IU’s new study further explores the potential of electrostatic forces to act against Covid-19.
Research is part of a still growing field of medical devices known as “electroceutics” – a fusion of the words “electrostatic” and “pharmaceuticals”. Electro-medicines use weak electrical fields that are not harmful to humans to treat a variety of diseases. Pacemakers that are used to treat arrhythmias are a common example.
Chandan Sen, the lead author and director of the Indiana Center for Regenerative Medicine and Engineering, previously worked on the development of the electricity-generating tissue for antimicrobial applications. Bio-electric technology company Vomaris Inc is currently marketing the electroceutical tissue for use as a wound dressing to kill pathogens.
The fabric is printed out of polyester with small metal dots made of zinc and silver. The geometric, alternating pattern of zinc and silver creates micro-cell batteries that generate an electric field when exposed to moisture. When treating wounds, the electrical field prevents the formation of biofilms and reduces the risk of bacterial infection during the healing process.
Knowing that viruses rely on electrostatic forces to assemble and bind to cells, the researchers suspected that the electroceutical tissue could also be used to destabilize the coronavirus.
As a control for their test, the team used a polyester fabric without the micro cell batteries on the surface. They then exposed both fabrics to an aqueous solution containing cells with a respiratory corona virus at room temperature and allowed them to absorb.

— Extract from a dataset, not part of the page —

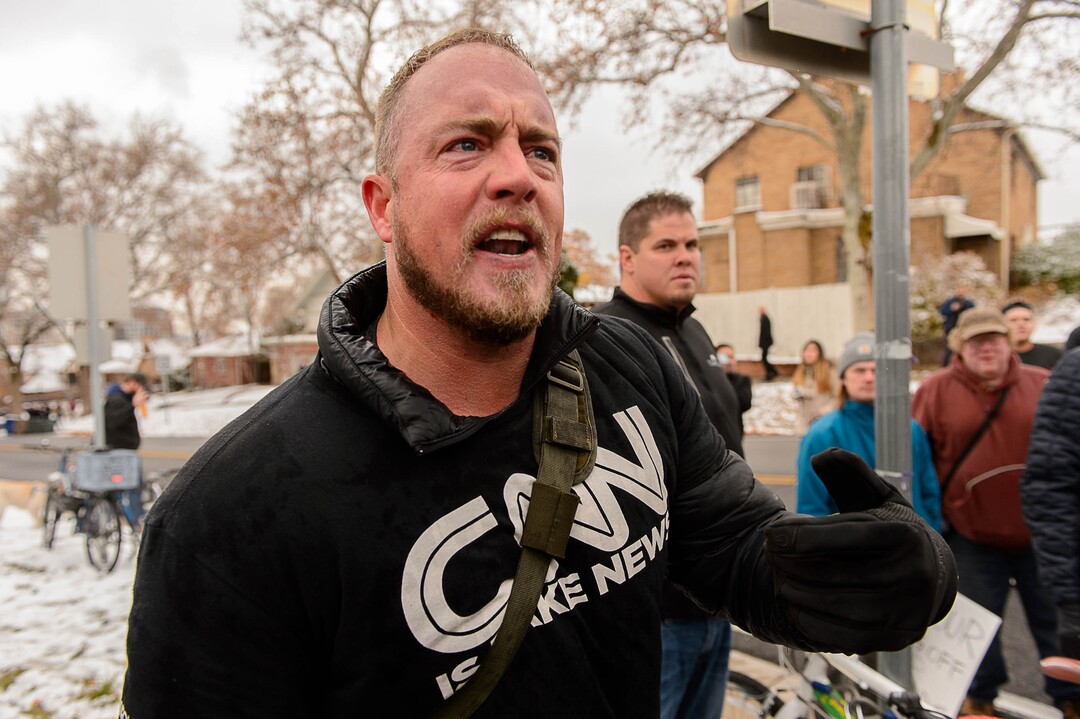 (Trent Nelson | The Salt Lake Tribune)  A man yells at the crowd after an altercation during a rally protesting a visit by President Donald Trump, Monday December 4, 2017.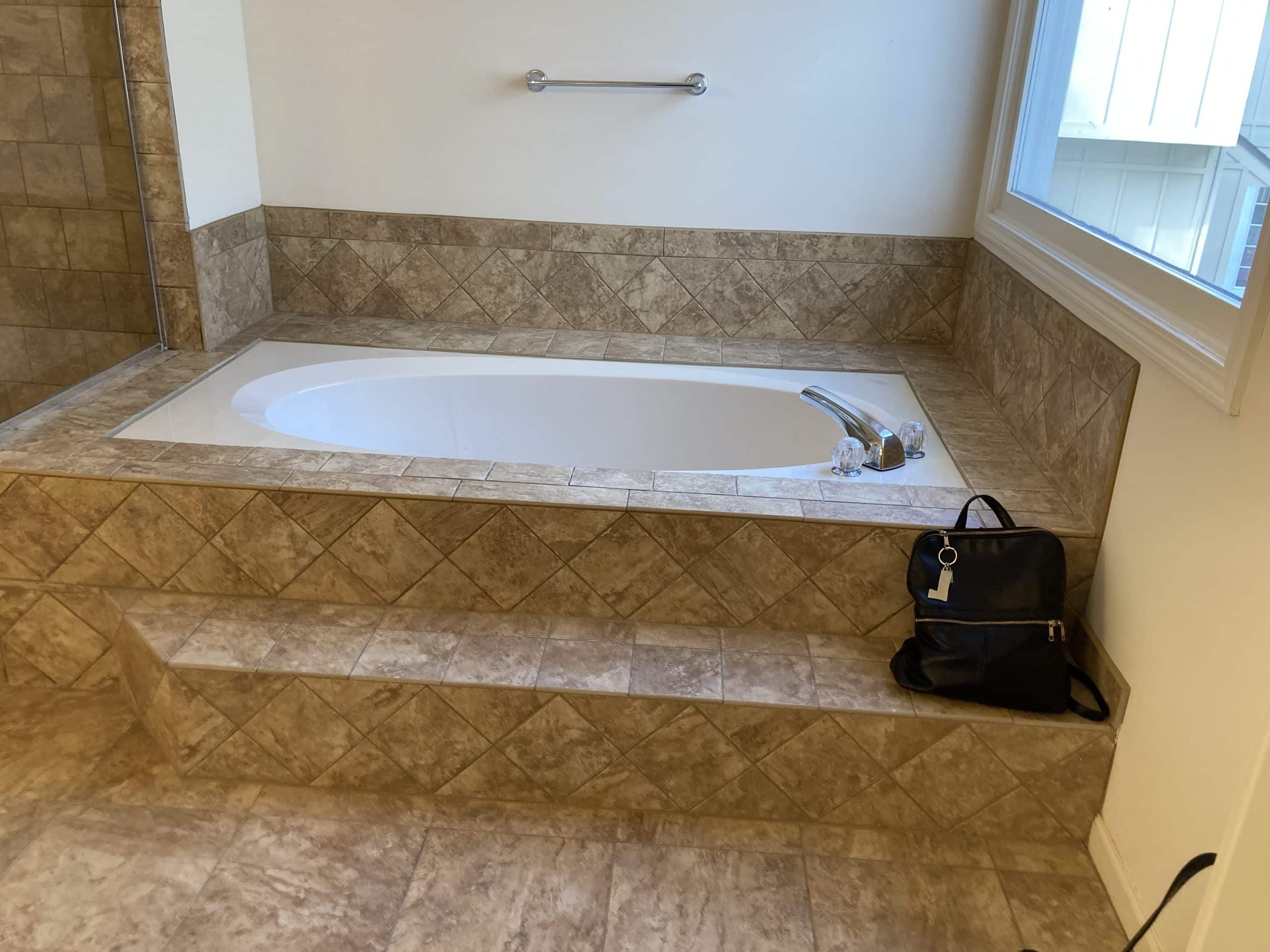 existing tub with lots of brown tile around it, looks dark and drab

Their subsequent analysis showed that only one minute of contact with the electroceutical tissue led to a significant reduction in the electrokinetic properties of the virus particles. In addition, the researchers monitored the infected cells that were obtained from the electroceutical tissues and found that the cytopathic effects expected in the presence of virus invasions were not present.
The team reported that the cells from the electroceutical tissue were as healthy as the uninfected cells, indicating that the virus had lost its infectivity, while cells from the control tissue did not receive the same protection.
Although further studies are needed to characterize the structural change of coronaviruses when exposed to electroceutical tissue, the researchers hope that their results will be the first step in obtaining FDA approval for the technology that the technology is intended for use with Face mask can be widely used.